Bangladesh recorded a record level of tea production, registering a yield of 96.5 million kg, in the last calendar year 2021, which contributed to a sharp drop in imports.

However, the success does not satisfy the major tea marketing companies, as they claim that the quality of the majority of locally grown tea leaves is not up to par.

“Consumers are used to having tea with the best leaves. To produce premium quality tea, we need quality leaves, which we cannot find at local auctions,” said Mohammad Idris, Executive Director of the HRC group, one of the tea producers. tradespeople.

Thus, popular companies still have to import tea leaves from different countries, including Kenya, to ensure the quality of their premium brands, he told The Business Standard.

Along with increasing production, relevant authorities should prioritize quality, Idris added.

Echoing Idris, several other senior officials from major tea marketing companies told TBS that the majority of the country’s 167 existing tea gardens “failed” to produce quality tea leaves. They (the garden owners) were competing to increase their yields and make higher profits.

“Although the Bangladesh Tea Board is aggressive in increasing the country’s overall tea production, it does not care about the quality,” said another senior official of the tea marketing company, in a statement. covered with anonymity.

He suggested that the board be strict in maintaining the quality of the sheets.

However, a professional tea taster, seeking anonymity, told TBS that there was no problem with the quality of tea grown in local gardens, big companies were importing “low quality” tea to add color to their brands. “The quality of local tea is quite acceptable. Importation should be discouraged,” he said.

When contacted, Madhul Kabir Chowdhury, deputy director (trade) of the board, told The Business Standard that, keeping pace with the increase in production, the import of tea leaves had significantly decreases. He hoped that imports would decrease further in the future.

“In addition to quantity, we are now focusing on the quality of the leaves.

Recording in production

Tea production hit a record high in 2021, according to the Bangladesh Tea Board. That year, the 167 tea gardens produced 96.5 million kg of tea, up 11.7% from 86.39 million kg in the previous year (2020).

It was 96.07 million kg in 2019, 82.13 million kg in 2018, 78.95 million kg in 2017.

Production was recorded at 53.40 million kg in 2006. It has been steadily increasing since then. However, in 2020, the trend lost momentum due to the outbreak of Covid-19 in the country.

Since the last decade, tea cultivation has spread to flat areas, especially in northern Bangladesh, outside the traditional hilly areas, which has greatly contributed to the boom in production.

According to data from the Tea Board, small farmers in the plain produced 14.5 million kg of tea in 2021, up from 13 million the previous year.

Usually, tea leaves grown on flat surfaces are sold at Tk 100-200 per kg, while the price is Tk 200 for tea from hilly areas. Additionally, frontline gardens sell their tea at 260-270 TK per kg.

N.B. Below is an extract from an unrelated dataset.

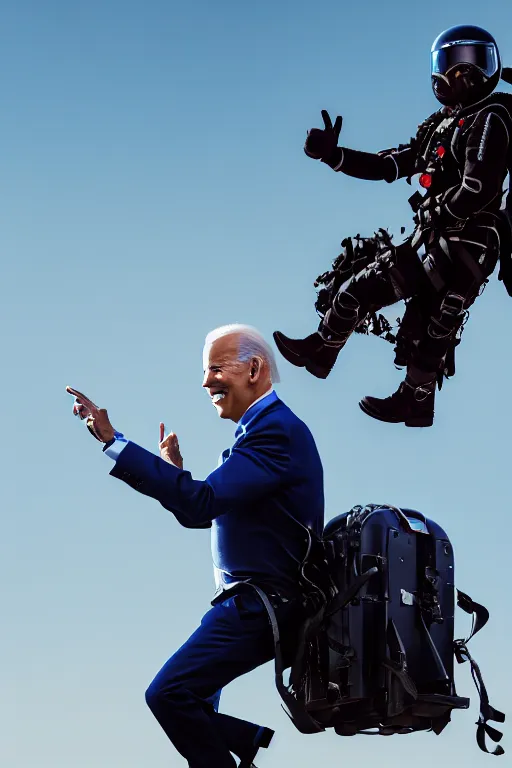 Image similar to joe biden flying with jet pack, high resolution, photorealistic, cinematic, smooth, 4 k, aesthetic lighting, baroque object, sharp focus, hyperdetailed, face features, tumblr trending, with small object details, professional photography, pullitzer winning photo by : canon eos 5 d mark iv, by karah mew and adnan abidi and jodie bateman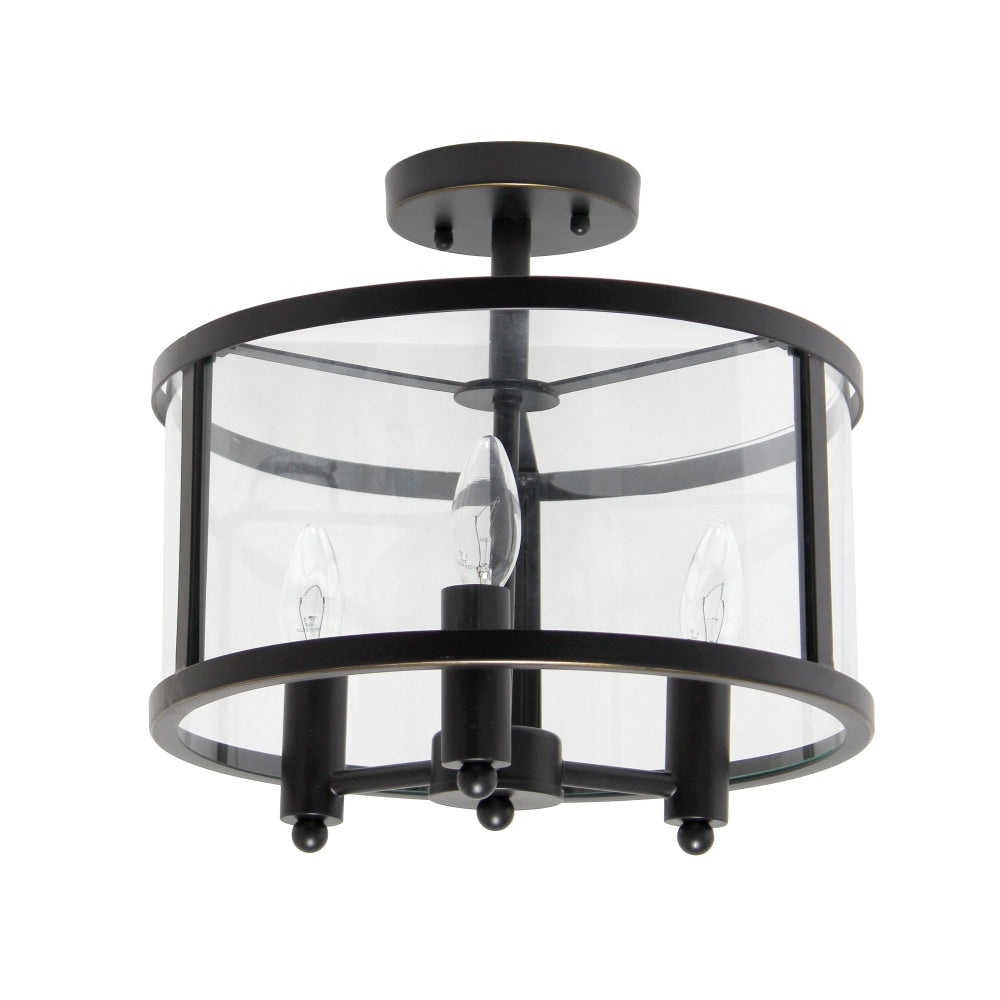 Lalia Home 3LT Glass And Metallic Accented Semi-Flushmount Lamp, 13inW, Clear Shade/Black Base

Currently, the annual tea consumption is about 90-95 million kg. It increases by 3 to 4% every year.

Imports down sharply

Tea imports have fallen by 93% over the past four years. The import was 8.73 million kg in 2017 and fell to only 0.62 million, or 6.25 lakh, kg in 2021. The reason for this drop is simple: a sharp increase in local production. Imports were 7.44 million kg in 2018, 1.52 million kg in 2019, 0.67 million kg in 2020.

Major brands continue to import to meet the demand for premium tea products.

On January 6 this year, Abul Khair Group, one of the country’s leading tea distributors, received the green light from the authorities to import 1,60,000 kg of tea leaves, according to the Tea Board. It will import “black tea” from Kenya. Ispahani Tea was also authorized to import 2,88,000 kg on the same day.

In addition, the council is expected to allow several other companies to import tea this year.

Export ups and downs

Although local production of tea leaves has increased and imports have declined, tea leaf exports have experienced ups and downs in recent years.

In 2021, the country exported 0.68 million kg of tea leaves, a sharp drop from 2.17 million kg in 2020. Exports were 0.6 million kg in 2019, 0.65 million kg in 2018 and 2.56 million kg in 2017.

Industry insiders said the gradual increase in domestic consumption and the ups and downs in production were behind the zigzag trend in exports. In addition, the quality of the local leaves was also a fact.